Meanwhile, never was more money made by those making the money, never have more grander homes been built in this whole country’s history than right here and right now, and never have more drugs of every kind been more available, and helping more people, than right now: just pay a visit to a private assisted-care building restricted to the aging elite at meal time to witness the consumption rates today. It beats any back alley in the downtown eastside many times over.
The face of the new capitalism and the new globalization, as seen plain as day across the face of Vancouver, is one of utter confusion, denial, and daily prayer for absolution from responsibility. We don’t know what’s happening, we don’t know what to do, we don’t even know if we have problems, and we have no real leaders to tell us. The mayor says, hopefully, and with a grimace as though he’s having the world’s worst visit to the bathroom, that he’s pretty sure the same weird shit is happening in every city, not to worry, at least we’re not alone.
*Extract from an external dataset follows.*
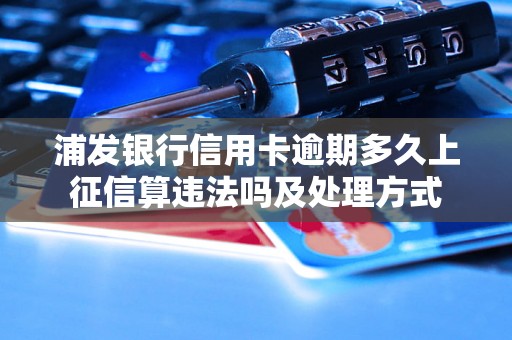 浦发银行信用卡逾期多久上征信算违法吗及处理方式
The Vancouver Board of Trade dabs the sweat off their brow and cuffs the whirring computational machine up there on the stage with them at the magic show, and begs our patience and assures us it will soon spit out the answers we’re looking for. The local media clutches the reports that say we have the best city in the world so tight they tear them in two, so desperate are they for reassurance that everything isn’t about to go kabloo-ey. Like the tightly wound former beauty queen hiding an alcoholic and abusive husband, drug addicted kids, strings of maxed out credit cards and one sideways glance away from a total freak out and melt down, Vancouver is one nervous city. Dan Rather risks being shot showing up here, now, with his camera crew. Not now! the city screams in terror behind the shut curtains, too early! We’re still getting the party ready!
Unfortunately, there’s no help. We’re just at the front of this parade and the whole world is behind us thinking we’re the ones who must know where we’re all going, or else we wouldn’t be in front. But what nobody behind us can see yet is the wall we’re staring at in front of us. Yeah, we are the new capitalism and globalization, and yeah, we’re making a whole lot of money. Now what?